A token airdrop from the popular Arbitrum Ethereum L2 illustrated many of the challenges with airdrops: events where tokens are automatically distributed to a group of crypto wallets, in this case based on how much they had used the platform. The tokens will ultimately be used for community voting on protocol changes, but also have value on the secondary market. Users were eager to snap them up, particularly as users speculated that the price could reach $10/token (as yet it has not, remaining around $1.38).However, the airdrop had a bumpy start, with scammers latching on to the event to proliferate fake airdrop websites. Phishers reportedly scammed more than 10,000 people using these schemes. At one point, Twitter even suspended the real Arbitrum Twitter account after mistaking it for one of the many phishing accounts. Attackers also compromised a Discord account belonging to an Arbitrum developer, using it to post a phishing link to the official Arbitrum Discord server.

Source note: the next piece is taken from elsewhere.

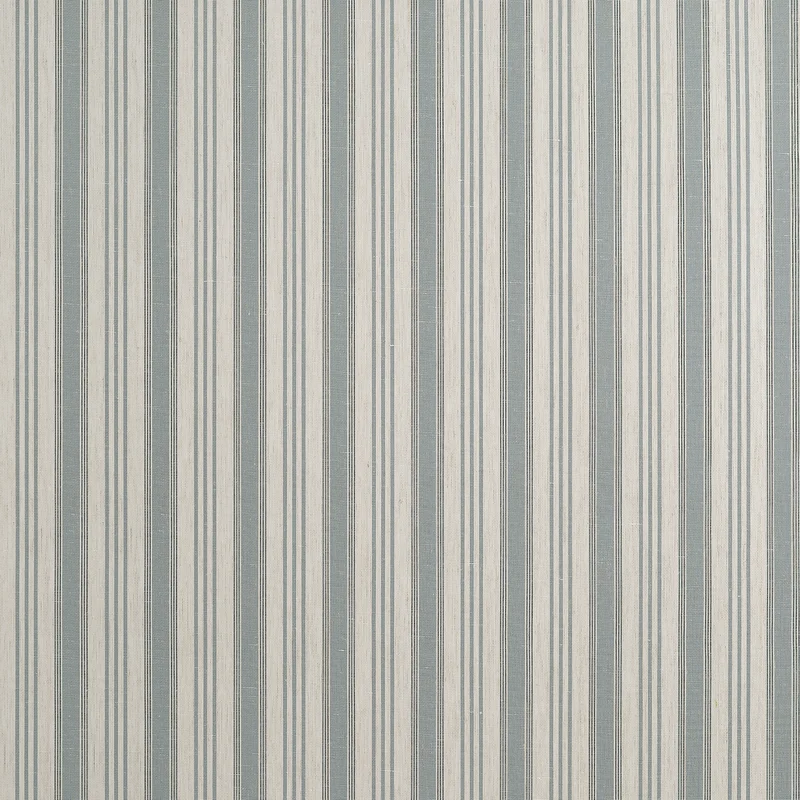 Thibaut Bennett Stripe — Smoky Grey wallpaper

Then, when the time for the airdrop came, the token claiming website crashed on the traffic, as did the Arbitrum block explorer. Those who were able to claim their tokens paid exorbitant gas fees, and some wallets attempting to estimate required gas fees malfunctioned, showing estimates in the billions of dollars.
Finally, the airdrop was widely gamed by people commandeering hacked vanity addresses to receive the airdrop tokens allocated to them, with at least $500,000 worth of tokens reportedly claimed by one attacker. Other attackers scrambled to compete with one another to claim tokens allocated to compromised wallets whose private keys had been shared publicly on Github and elsewhere, trying to be the first to siphon the funds. Two additional exploiters siphoned a combined total of more than 1 million ARB tokens from other wallets. One sold them for 713 ETH ($1.27 million); the other transferred the ARB tokens to other wallets.